On le verra plus loin, c’est cette même structure syntaxique articulée par le déterminant « à » qu’utilise Breton pour composer son poème « L’union libre » (« Ma femme à la chevelure de feu de bois… ») ou le titre de son recueil Le révolver à cheveux blancs. Ce type de métaphore nominale me parait être un moyen efficace de produire et de faire produire des images surréalistes.
« Age » et « Lâchez Tout ! », de Pantin à Paris
Deux textes composés par Breton à quelques années d’écart me paraissent pouvoir être mis en parallèle pour expliquer son passage de Pantin à Paris : le poème en prose « Âge », d’inspiration rimbaldienne, que je lis comme un texte d’adieu à Aubervilliers et à Pantin, et le texte programmatique « Lâchez tout ! » qui me semble annonciateur d’un nouveau départ parisien.
1. Breton date « Âge » du 19 février 1916 (son 20e anniversaire) et le dédie à Léon-Paul Fargue :
Aube, adieu ! Je sors du bois hanté ; j’affronte les routes, croix torrides. Un feuillage bénissant me perd. L’août est sans brèches comme une meule.
Retiens la vue panoramique, hume l’espace et dévide machinalement les fumées.
Je vais m’élire une enceinte précaire: on enjambera s’il faut le buis. La province aux bégonias chauffés caquète, range. Que gentiment s’ameutent les griffons au volant frisé des jupes !
Où la chercher, depuis les fontaines ? A tort je me fie à son collier de bulles… Yeux devant les pois de senteur.
Chemises caillées sur la chaise. Un chapeau de soie inaugure de reflets ma poursuite. Homme… Une glace te venge et vaincu me traite en habit ôté. L’instant revient patiner la chair.
Maisons, je m’affranchis de parois sèches. On secoue ! Un lit tendre est plaisanté de couronnes.
Atteins la poésie accablante des paliers.
Quand on lit le poème sur le pont de l’avenue Edouard-Vaillant, il ne fait plus de doute à mes yeux que le panorama ferroviaire qui s’offre à la vue a inspiré le 3e verset : « Retiens la vue panoramique, hume l’espace et dévide machinalement les fumées ».
[Commentaire du 12 novembre 2022 : l’avenue Edouard-Vaillant est décrite par Jean Rolin dans La Clôture, au moyen d’une proposition quasi surréaliste : « de nuit, une grande coulée d’ombre constellée de feux mobiles ou fixes, un peu comme un ciel inversé. »]
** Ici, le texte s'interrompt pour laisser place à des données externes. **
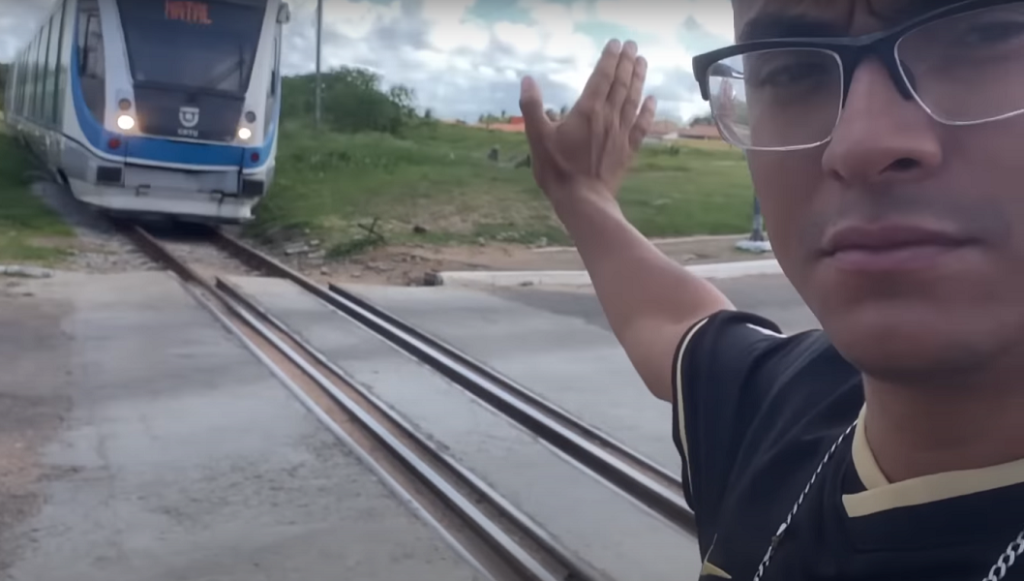Humorista natalense grava vídeo ‘parando’ trem e tem conta derrubada em rede social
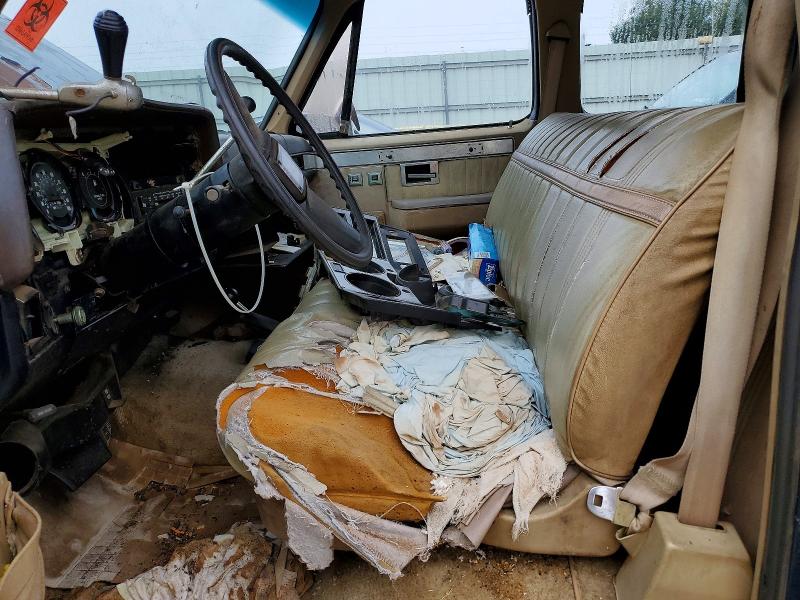 70981896 :رقم المزاد ، 1G5FK16C4CF511294 vin ، 1982 Gmc Suburban مزاد بيع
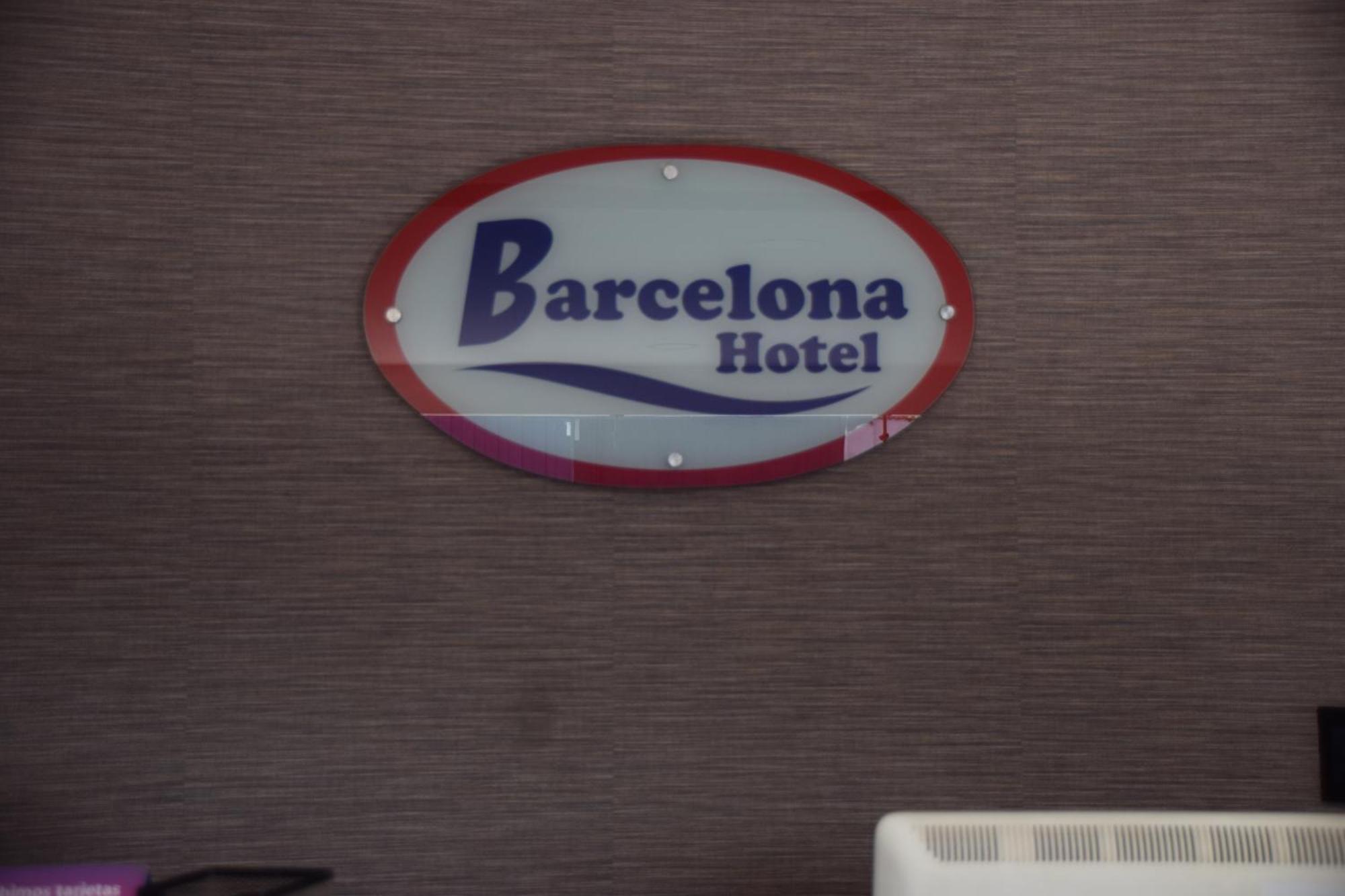 Hotel Barcelona Montería Esterno foto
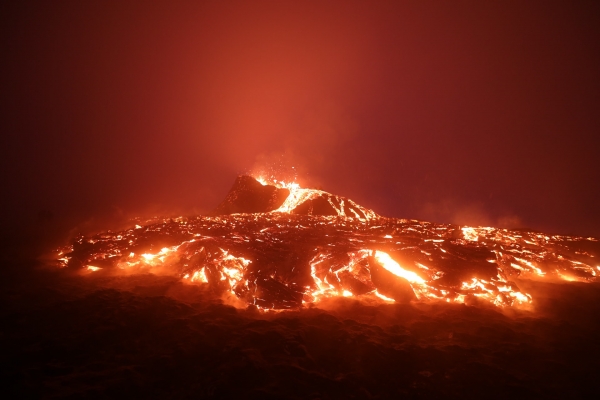 コンゴのニーラゴンゴ火山が噴火がヤバい お前らの想像の1.15倍ぐらいヤバい
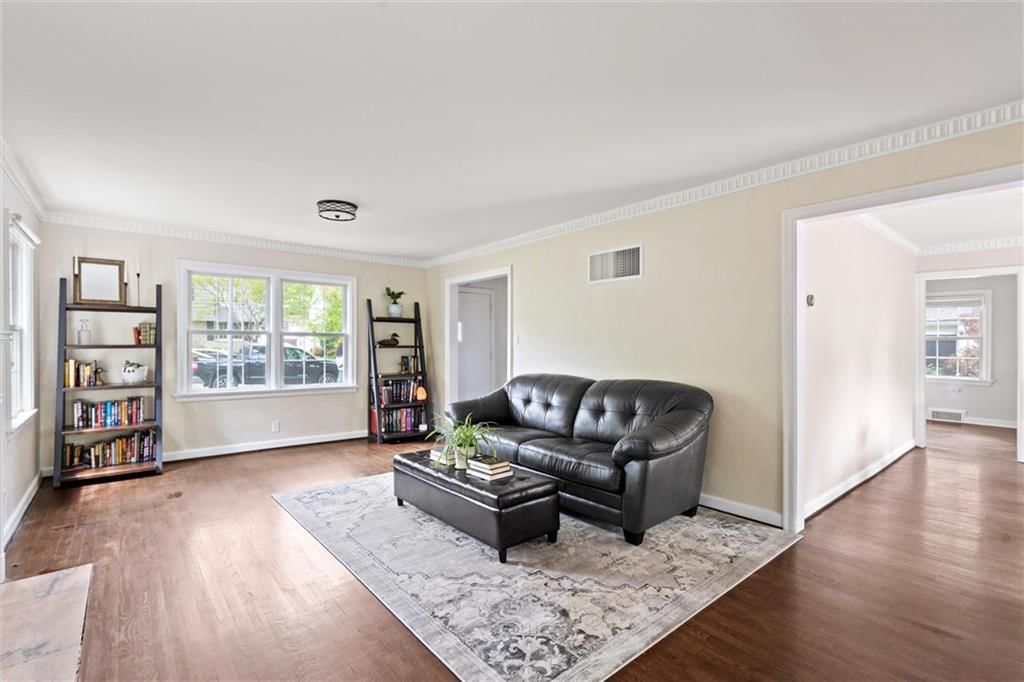 6843 Locust Street — photo 9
2. Après avoir occupé une chambre à l’hôtel des Grands hommes, place du Panthéon où il rédige Les Champs Magnétiques, Breton publie dans le 2e numéro de la revue Littérature un texte qui commence ainsi :
LÂCHEZ TOUT !
« J’habite depuis deux mois place Blanche. L’hiver est des plus doux et à la terrasse de ce café voué au commerce des stupéfiants, les femmes font des apparitions courtes et charmantes. Les nuits n’existent guère plus que dans les régions hyperboréennes de la légende. Je ne me souviens pas d’avoir vécu ailleurs ; ceux qui disent m’avoir connu doivent se tromper. Mais non, ils ajoutent même qu’ils m’avaient cru mort. Vous avez raison de me rappeler à l’ordre. Après tout qui parle ? André Breton, un homme sans grand courage, qui jusqu’ici s’est satisfait tant bien que mal d’une action dérisoire et cela parce que peut-être un jour il s’est senti à jamais trop durement incapable de faire ce qu’il veut. Et il est vrai que j’ai conscience de m’être déjà dévalisé moi-même en plusieurs circonstances ; il est vrai que je me trouve moins qu’un moine, moins qu’un aventurier. N’empêche que je ne désespère point de me reprendre et qu’à l’entrée de 1922, dans ce beau Montmartre en fête, je songe à ce que je puis encore devenir. »
3. De même, en 1951, lorsqu’il découvre la ville de Saint-Cirq-Lapopie, dans le Lot, où il achète une maison en surplomb des gorges, Breton dira ne pas s’être désiré ailleurs :
« Saint-Cirq-Lapopie a fixé sur moi un tel enchantement que j’ai cessé de me désirer ailleurs »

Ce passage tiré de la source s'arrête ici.